### Action item
Among the lines below, copy exactly those from the one with "1969 Maserati Ghibli" through the one with "It's Frickin Bats Bamboo | Two-Piece Set", counting both ends.

━━━ Records to process ━━━

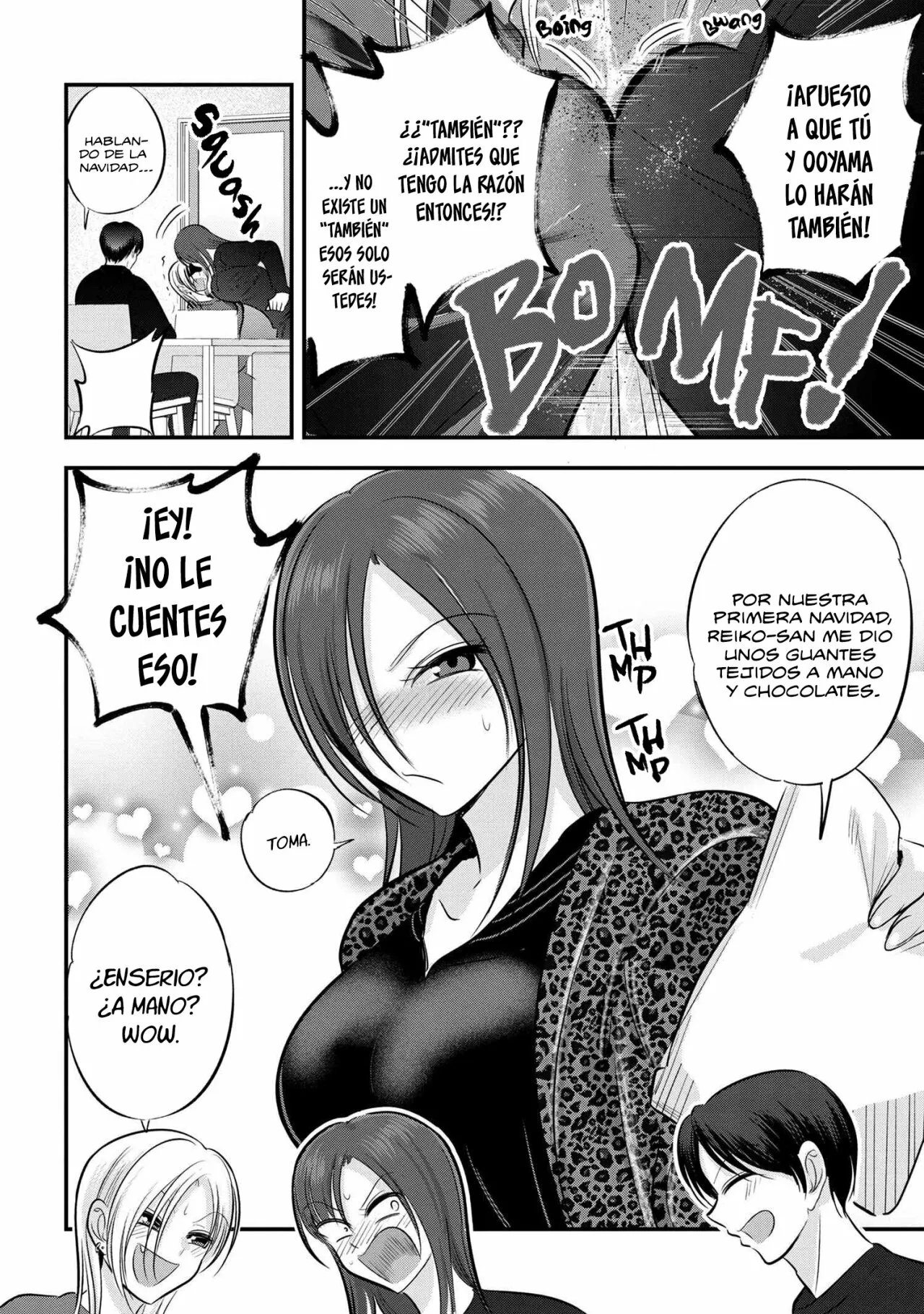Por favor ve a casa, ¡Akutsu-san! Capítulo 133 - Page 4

━━━
━━━ Records to process ━━━

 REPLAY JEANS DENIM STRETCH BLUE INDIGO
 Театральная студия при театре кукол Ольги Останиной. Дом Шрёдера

━━━
━━━ Records to process ━━━

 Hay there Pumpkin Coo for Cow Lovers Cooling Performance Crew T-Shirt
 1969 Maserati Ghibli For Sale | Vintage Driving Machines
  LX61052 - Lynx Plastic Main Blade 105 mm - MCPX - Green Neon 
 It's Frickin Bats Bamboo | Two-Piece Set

━━━

### Reply
 1969 Maserati Ghibli For Sale | Vintage Driving Machines
  LX61052 - Lynx Plastic Main Blade 105 mm - MCPX - Green Neon 
 It's Frickin Bats Bamboo | Two-Piece Set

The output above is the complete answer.